European property prices record annual falls

Data published by Eurostat, the statistical office of the European Union, reveals that average property prices in the Eurozone area – the European countries where the euro is the official currency – fell by 2.2 per cent in the second quarter of 2013, compared to a year earlier.

Meanwhile, the data also shows that prices in the EU as a whole fell by a more moderate 1.3 per cent from a year earlier.

Among the EU Member States for which data is available, the highest annual increases in house prices in the second quarter of 2013 were recorded in Latvia (+8.8 per cent), Estonia (+8.1 per cent) and Luxembourg (+5.1 per cent). The largest falls were recorded in Croatia (-19.7 per cent), Spain (-10.6 per cent) and the Netherlands (-7.5 per cent).
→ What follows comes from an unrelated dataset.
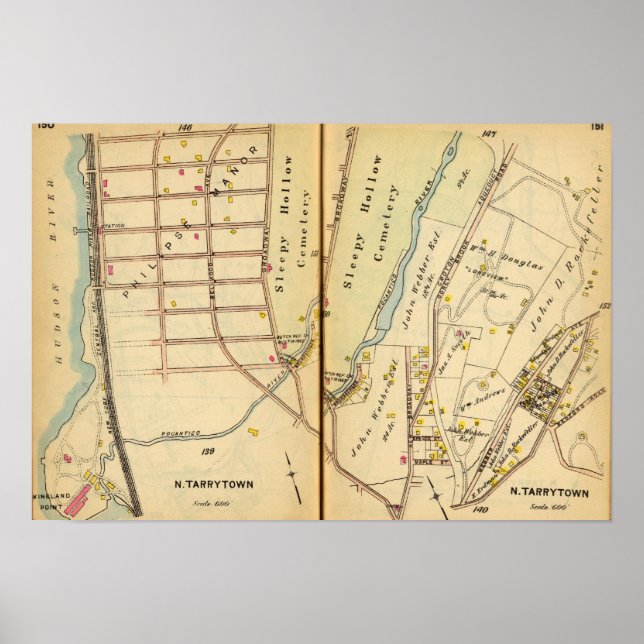 Sömnig ihålig, New York Poster (Framsidan)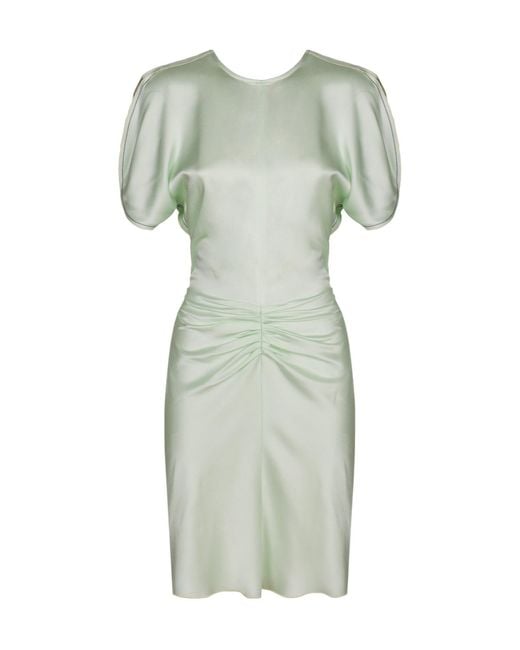 Victoria Beckham Green Draped Mini Dress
Compared with the first quarter of 2013, however, house prices actually increased by 0.3 per cent in the Eurozone, and by 0.4 per cent in the EU during the second quarter of 2013.

The highest quarterly increases in the second quarter of 2013 were recorded in Latvia (+5.1 per cent), Estonia (+3.7 per cent) and Denmark (+3.1 per cent), while the largest falls were in Croatia (-6.5 per cent), the Netherlands (-2.0 per cent) and Hungary (-0.9 per cent).